'Pathfinder' Blazes Cheap Trail to Mars

NASA probe will look for signs of life on planet

November 29, 1996

Exploring Earth's far-flung neighborhood on a shoestring budget gets its latest test Monday, as the United States prepares to launch Mars Pathfinder.

The mission to the Red Planet - the third international Mars launch in a month - aims to place a lander bearing a small, six-wheel rover on martian soil on July 4, 1997.

Targeted to land on an ancient flood plain, the package of cameras and sensors could help unlock secrets to the planet's past and whether it could have hosted life. It also is designed to prove that humans can extend their reach to the surface of another planet without draining taxpayers' wallets.

Mars Pathfinder's $196 million price tag is a fraction of the amount spent on sending a Viking orbiter and lander to Mars in the 1970s. "We've turned the old way of doing business upside down," says Wesley Huntress, associate administrator for space science at the National Aeronautics and Space Administration in Washington.

Set to launch at 2:09 a.m. Monday, the 1-ton Pathfinder payload uses parachutes, radar, small braking rockets, and air bags to soften its landing. Once down, the bud-like lander's three "petals" unfold. On one sits the rover, looking like a refugee from a 21st-century Sharper Image catalog.

Topped with a 2-by-1.5 foot array of solar cells, and with specially designed flashlight-size D cells included, the rover will allow researchers to determine the mineral makeup of martian soil. Traveling at nearly 12 feet per hour, the vehicle won't break land speed records.
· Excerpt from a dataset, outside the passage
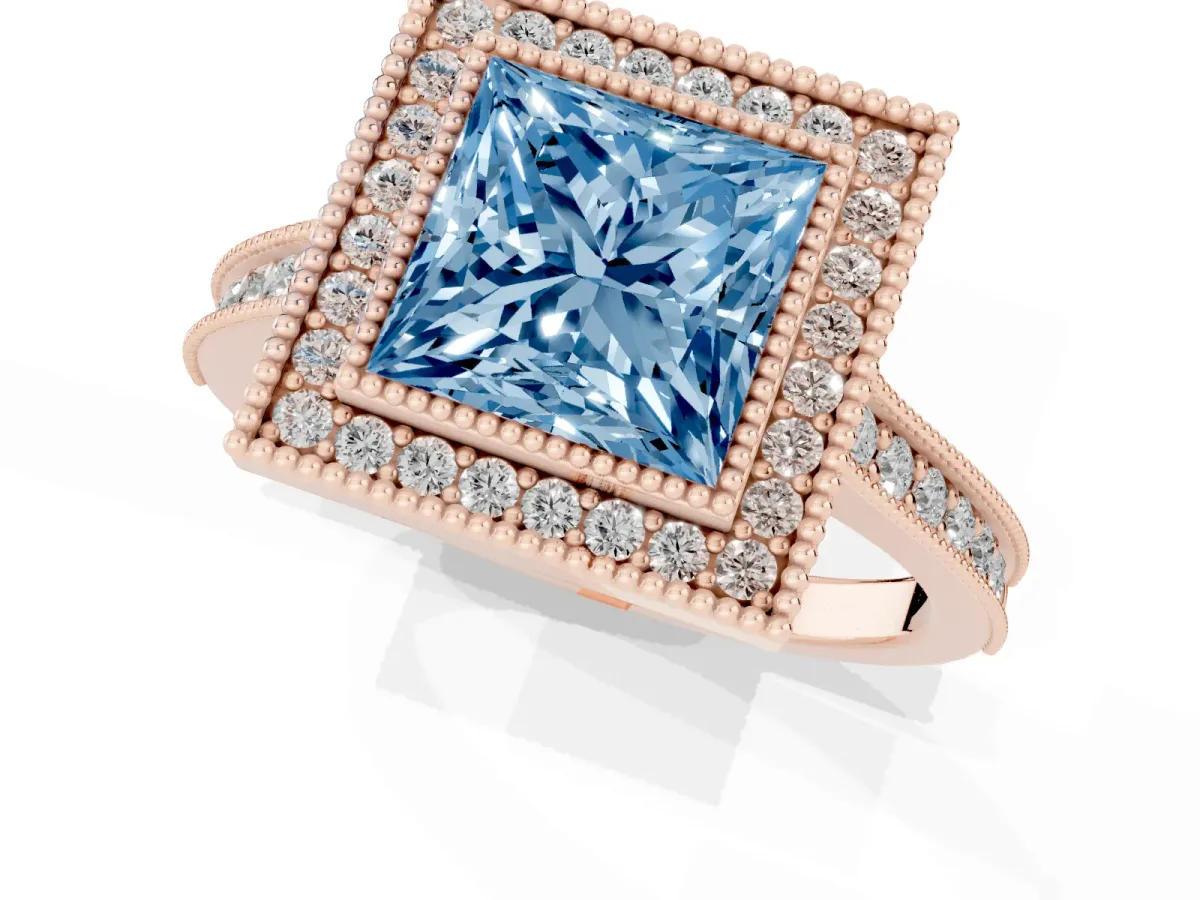 Fancy Blue Halo Princess Cut-Cut Diamond Pave Band Milgrain Prong Setting Ring Rose gold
But its ability to find its way to a target once scientists on Earth tell it what to look at will allow researchers to study martian rocks in their original formations for the first time.
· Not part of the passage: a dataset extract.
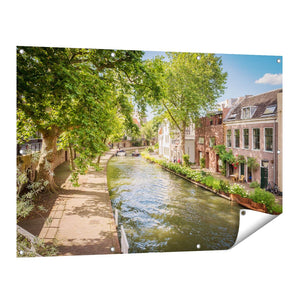 Tuinposter vooraanzicht Oudegracht In Utrecht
With the loss last week of Russia's Mars 96 mission, which consisted of an orbiter and probes to puncture the Martian surface, Mars Pathfinder represents the only hope of putting sensors on the planet for the next three years.

Ironically, the loss also illustrates why, in an era of tight budgets, NASA has shifted its approach to exploring the solar system from what administrator Daniel Goldin has called "Battlestar Galacticas" - billion-dollar, decade-long missions crammed with equipment, to smaller, more-focused projects that can be completed in under three years and for less than $150 million.
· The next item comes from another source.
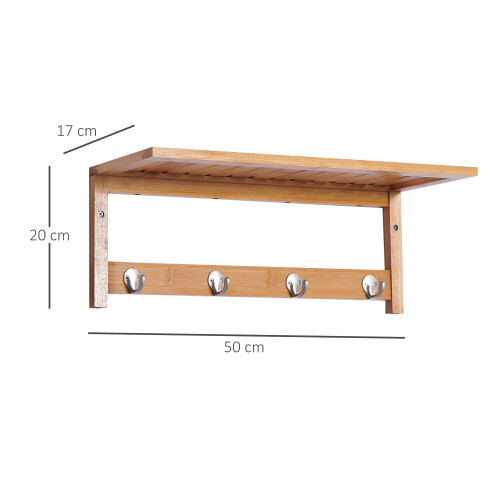 Homcom HOMCOM Wall Mounted Hallway Clothes Rack with Hanging Coat Hooks 2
A bargain by historical standards, the $155 million Russian craft was designed to study Mars from orbit, as well as send probes into its soil. By contrast, Mars Global Surveyor, which lifted off last month, is to conduct studies of the planet from orbit, while Pathfinder will conduct studies on the surface. Losing one mission would be a disappointment, but the remaining mission would still keep Mars research moving forward.

PATHFINDER is the second mission in NASA's Discovery series, which embodies the "smaller, cheaper, faster" approach to solar-system exploration. The first, the Near Earth Asteroid Rendezvous mission, is set to waltz by the asteroid Matilda in June before taking up orbit around the asteroid Eros in 1999, says mission director Robert Farquhar.

The $122 million project to study these leftovers from the formation of the solar system already has set a space record of sorts, he adds. NEAR's position at more than 195 million miles from the sun "is the farthest a spacecraft has ever operated on solar cells."

Two more Discovery missions - one to orbit the moon next year and another, dubbed "Stardust," to gather and return samples of interstellar dust in 1999 - are in the pipeline.

Later this month, NASA will review proposals for the next round of missions, which range from space-based telescopes to look for planets around other stars, to missions to Mercury, Venus, and Mars. Mission designers must bring the projects in at at cost of less than $183 million.